Dataset excerpt:
++++++++++

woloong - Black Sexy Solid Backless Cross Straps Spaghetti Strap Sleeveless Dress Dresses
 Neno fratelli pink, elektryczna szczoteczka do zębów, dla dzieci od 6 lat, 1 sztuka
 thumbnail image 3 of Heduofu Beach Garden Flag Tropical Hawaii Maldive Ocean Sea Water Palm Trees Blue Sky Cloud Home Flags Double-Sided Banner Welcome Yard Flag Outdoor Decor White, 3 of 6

++++++++++

Problem requirements: Your response should consist of the data above, duplicated exactly.

Result:
woloong - Black Sexy Solid Backless Cross Straps Spaghetti Strap Sleeveless Dress Dresses
 Neno fratelli pink, elektryczna szczoteczka do zębów, dla dzieci od 6 lat, 1 sztuka
 thumbnail image 3 of Heduofu Beach Garden Flag Tropical Hawaii Maldive Ocean Sea Water Palm Trees Blue Sky Cloud Home Flags Double-Sided Banner Welcome Yard Flag Outdoor Decor White, 3 of 6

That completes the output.